Wednesday, September 18, 2019


Achievers syndrome
Many years ago, a promising Greek artist named Timanthes was under the instruction of a well-known tutor. After several years, the young painter created an exquisite portrait. He was so thrilled with what he had painted that he sat day after day gazing at his work.
One morning, however, he was horrified to discover that his teacher had deliberately ruined his painting. Angry in tears, Timanthes ran to him and asked why he had destroyed his cherished possession. The wise man replied, “I did it for your own good. That painting was good, but it was retarding your progress. It is an excellent piece of art. But it was not perfect. Start again and see if you can do even better”. The student took his advice and produced a masterpiece called sacrifice of Iphigenia regarded by some as one of the finest paintings of antiquity. - From anonymous author
This is a feeling of fulfillment. Some pastors were able to raise a congregation of one thousand members, own two big cars, a personal building, a permanent site for the church and perhaps a nursery/primary school. All these get into their heads. He now sees himself as one of the “Gs”of the land. The great man of God. Instead of thinking of what to do to enlarge his coast further, begins to arrange for his bishopric enthronement and to make pilgrimage to Jerusalem. The man who built his church by compassion and humility now feels too big to see ordinary people. He rather busies himself on how to meet the governor and commissioner to visit his church. This is not only so with ministers.
A young man manages to furnish a bedroom flat and a shop with goods. This gets into his head and he stops thinking of building further.
Some brethren head a particular arm of the church that is in great demand. They have arrived. They begin to be rude at those who come for prayers, boasting and all that goes with it.
A young girl looks at herself in the mirror and thinks she is beautiful and perhaps has a good job or wealthy parents, she says, “Before I give attention to any man he must …”
In all the examples stated above they stopped moving in order to celebrate their achievements. When you stop, you may not know that you are dying, stagnation sets in.
See how Apostle Paul resisted this –
Not that I have already obtained all this, or have already been made perfect, but I press on to take hold of that for which Jesus took hold of me.
Brothers, I do not consider myself yet to have taken hold of it. But one thing I do: forgetting what is behind and straining towards what is ahead. I press on towards the goal to win the prize for which God called me heavenward in Christ Jesus. (Phil.3: 12-14)
The apostle said he has not obtained that for which he was called. Possibly he had achieved some things, but that was not why he started in the first place. Some preachers will relax when they get a visa to the U.S.A, some will slow pedal when they get a big car and a congregation that is sizeable. I wish to state that everything you have achieved, which keeps you from fulfilling the original call upon your life is a distraction from the devil.

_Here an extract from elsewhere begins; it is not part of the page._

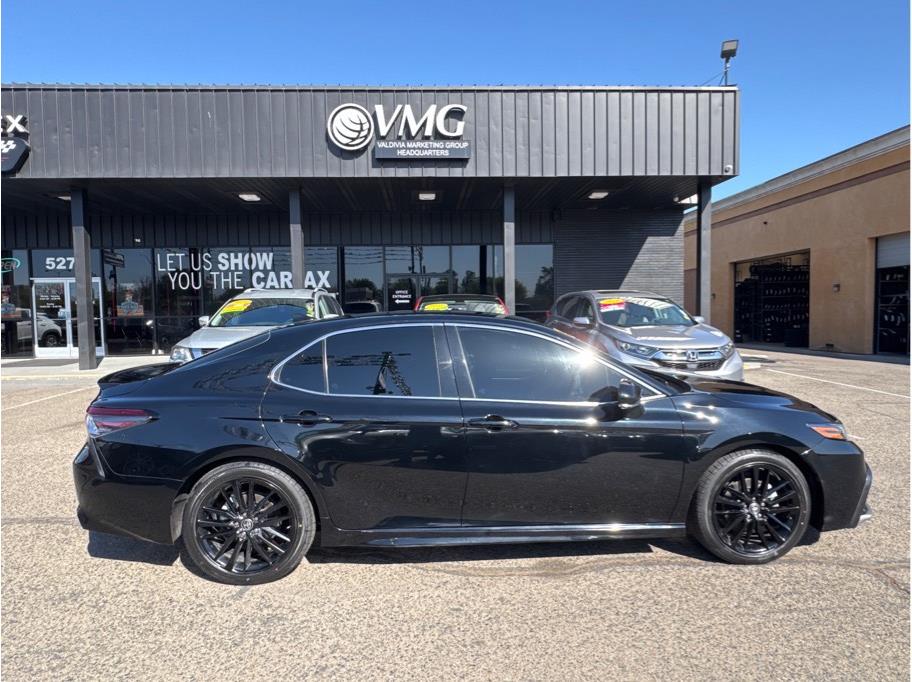 View vehicle photo 3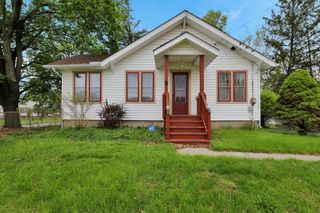 4308 Pleasant Grove Road, Lansing City, MI 48910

The terrible side of this achievement factor is that most of the things you treasure will begin to depreciate with time, and when you decide to rise again to do it the way you did it at first, you discover you can no longer do so. Then you enter the painful side of stagnancy. That you won ten souls into the church should encourage you to ask the pastor for permission to plant a branch. Do not sit in the congregation to show up. That you were able to fast for seven days and perhaps achieve some spiritual success should encourage you to move further.

That you made "A" class in your course should encourage you to move on to something else. Do not stand to count those you are better than, strive to meet those better than you.
In a race one thing you are advised against is to look back at those behind you. Achievers syndrome sets in when you begin to count those behind. It is in that process you stop to celebrate. There is nothing wrong in appreciating God for his goodness, but watch your heart (Prov. 4:23).
When Paul said, “I press on, striving, straining forward”, all these suggest great efforts. Achievements have a way of blowing your ego, resist it. Whether in the ministry, personal life, school, office, career, etc. RESIST THE ENEMY.